Even customer contact information stored for marketing purposes should be encrypted, Murray stresses. The 2013 data breach at Target, for example, exposed customer contact information for up to 70 million customers.
Another powerful tool in the effort to thwart breaches, of course, is stronger authentication that goes far beyond username and password, Murray stresses.
"Google, Dropbox, Apple, Amazon, PayPal, and a dozen other consumer applications, even my little three-branch community bank, already offer their customers strong authentication," he says. "It is the consumer and the next rank of enterprises that we must convince."
Pascual says merchants and banking institutions have a vested interest in shoring up this potential security gap by strengthening online authentication. When online accounts are compromised, banks and businesses run the risk of brand damage if their customers' accounts are exposed, he adds.
"Mitigating these types of account takeovers is critical to maintaining customer loyalty, as nearly one in four fraud victims in 2015 avoided merchants post-fraud," Pascual says. "Not actively managing for that type of revenue risk would be inexcusable and wholly endemic of the kind of disconnect we see between security and the profitable parts of merchant organizations."
Pierson questions, however, whether the latest Neiman Marcus incident was, indeed, tied to hackers trying various combinations of usernames and passwords.
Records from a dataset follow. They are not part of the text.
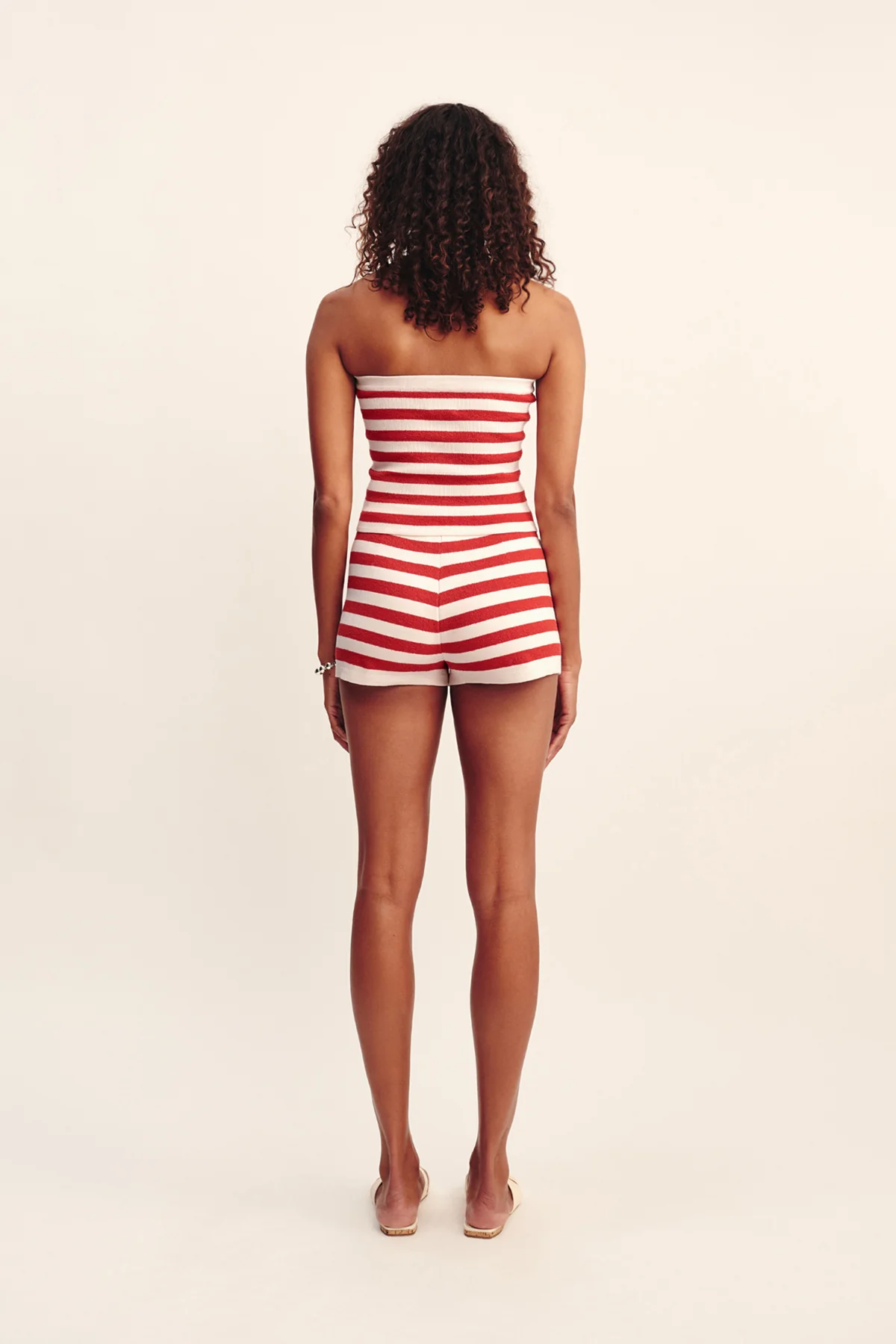 ARI SHORT - Image 3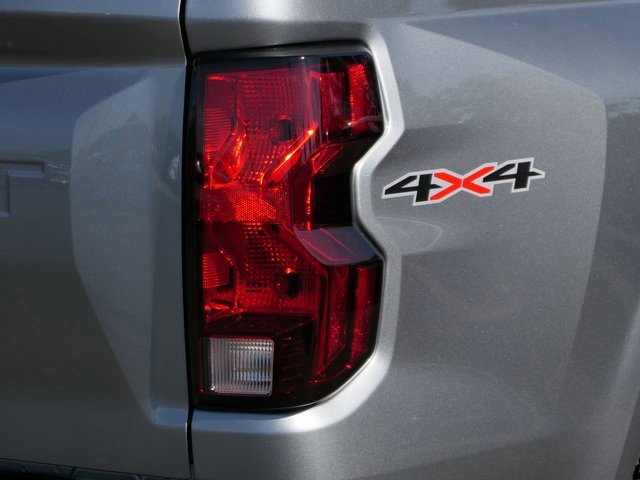 2026 Chevrolet Colorado Work Truck photo 4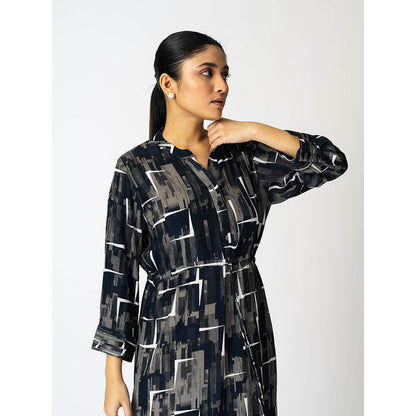 Klad Brick Black Drawstring Mandarin Neck Dress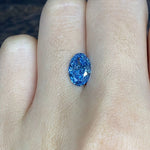 Lade Bild in die Galerieansicht, 1.9 Ct Oval Cut Fancy Blue Lab Diamond VS - LGG Jewelry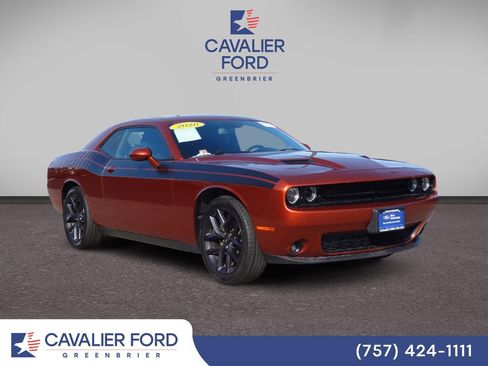 Used 2020 Dodge Challenger SXT w/ Blacktop Package RWD image 1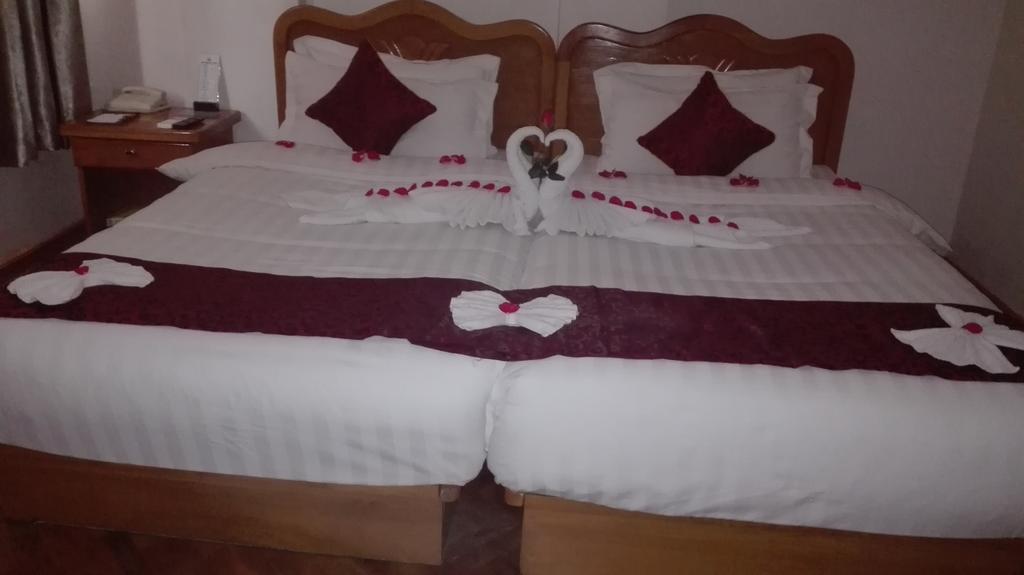 Hotel Dingar 만달레이 외부 사진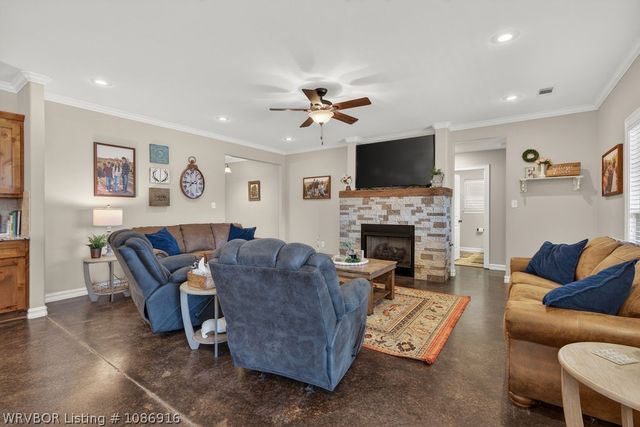 1620 N River Road, Lavaca, AR 72941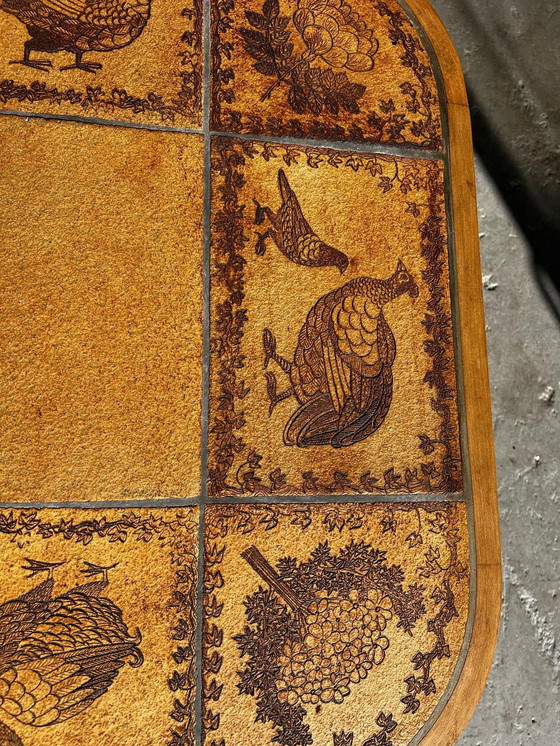 Image 1 of Vintage salontafel met dierendecor in hout en keramiek door Roger Capron, 1960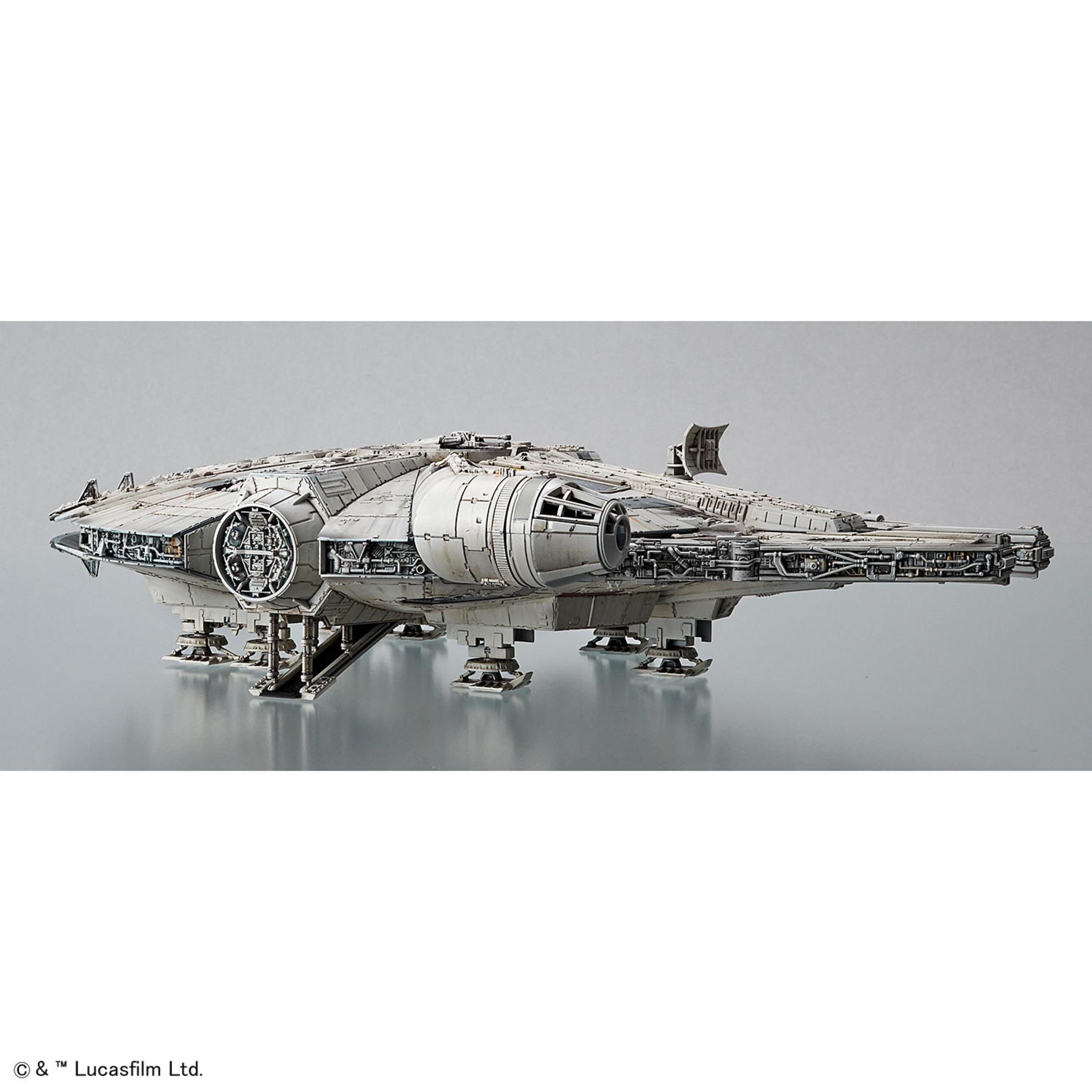 Ein Modell des Raumschiffs Millennium Falcon auf hellgrauer Oberfläche, detailliert und metallisch.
"It is possible that Neiman Marcus customer usernames and emails, which are normally not encrypted, were compromised at some point in the past," Pierson says. "It is also possible that the hashed passwords, depending on the type of hash used and whether these were salted, could reveal whether many of these values could be indexed or known. Since this appears to be a dedicated attack, it is less likely that this was random username/password guessing, and instead, based on a more probable certainty that users had a Neiman Marcus account."